Her dates: 1477-1514.
- Decidedly feminist.
- Delightfully feminine.
- Highly educated.
- Raised to rule over Brittany.
- Lavish in her spending.
- A bookworm.
- Lovingly conscientious to her husbands, both kings of France.
- Faithfully conscientious to her Breton subjects, over which she ruled from the age of eleven.
Ever since picking up Mildred Allen Butler’s book on Anne of Brittany a few years ago (Twice Queen of France: Anne of Brittany. New York: Funk & Wagnalls, 1967), I’ve been fascinated by this French queen who came to power at age eleven as ruler of Brittany, then became queen of France at age fourteen.

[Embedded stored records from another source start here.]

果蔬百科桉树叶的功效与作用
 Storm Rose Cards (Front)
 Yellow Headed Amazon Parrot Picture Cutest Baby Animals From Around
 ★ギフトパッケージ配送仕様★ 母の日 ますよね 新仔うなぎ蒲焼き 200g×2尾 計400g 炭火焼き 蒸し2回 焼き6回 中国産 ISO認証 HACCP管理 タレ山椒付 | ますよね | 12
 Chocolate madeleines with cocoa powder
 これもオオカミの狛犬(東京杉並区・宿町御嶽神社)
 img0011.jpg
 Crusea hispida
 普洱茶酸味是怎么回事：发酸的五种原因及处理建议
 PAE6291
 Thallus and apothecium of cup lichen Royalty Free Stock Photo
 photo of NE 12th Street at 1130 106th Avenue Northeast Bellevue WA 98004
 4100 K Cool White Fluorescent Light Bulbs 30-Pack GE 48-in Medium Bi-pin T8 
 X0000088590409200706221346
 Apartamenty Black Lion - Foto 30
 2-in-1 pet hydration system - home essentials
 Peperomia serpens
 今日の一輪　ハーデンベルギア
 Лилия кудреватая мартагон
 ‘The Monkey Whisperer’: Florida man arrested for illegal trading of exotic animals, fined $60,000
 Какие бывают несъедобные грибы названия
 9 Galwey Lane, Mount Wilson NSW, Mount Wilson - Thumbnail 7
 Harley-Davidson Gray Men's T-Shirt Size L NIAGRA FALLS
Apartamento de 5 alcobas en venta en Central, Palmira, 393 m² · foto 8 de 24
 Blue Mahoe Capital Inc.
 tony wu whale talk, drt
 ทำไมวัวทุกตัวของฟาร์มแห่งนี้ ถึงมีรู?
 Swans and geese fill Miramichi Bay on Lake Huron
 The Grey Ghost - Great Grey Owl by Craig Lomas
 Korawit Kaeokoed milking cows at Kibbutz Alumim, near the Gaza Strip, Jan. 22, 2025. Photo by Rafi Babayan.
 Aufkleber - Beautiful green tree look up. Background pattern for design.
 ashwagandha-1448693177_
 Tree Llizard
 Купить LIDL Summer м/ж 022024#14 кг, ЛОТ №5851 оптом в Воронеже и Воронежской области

Anne of Brittany’s travails trying to bring live children into the world rival any woman’s in history. This girl/woman went through the wringer as a mother. Her fourteen pregnancies resulted in the survival of two children, both daughters.The rest? Three miscarriages, five stillborn infants, one son dead after three hours, one daughter dead after one day, another son lived three weeks, her longest living son survived to age three when he succumbed to measles. As a public figure, this queen’s drama played out on the stage of all of France. If I had made this up, readers wouldn’t believe it. But it’s all true, and carefully historically documented.
I began to wonder why Anne of Brittany’s story is not well known. Many modern women share the same secret heartaches their medieval and ancient sisters suffered: pregnancy loss, inability to bring a live child into the world, inability to keep a child alive once born. Women still struggle with these issues and still suffer in silence when pregnancy and childbirth loss occurs. My heart aches for every one of them.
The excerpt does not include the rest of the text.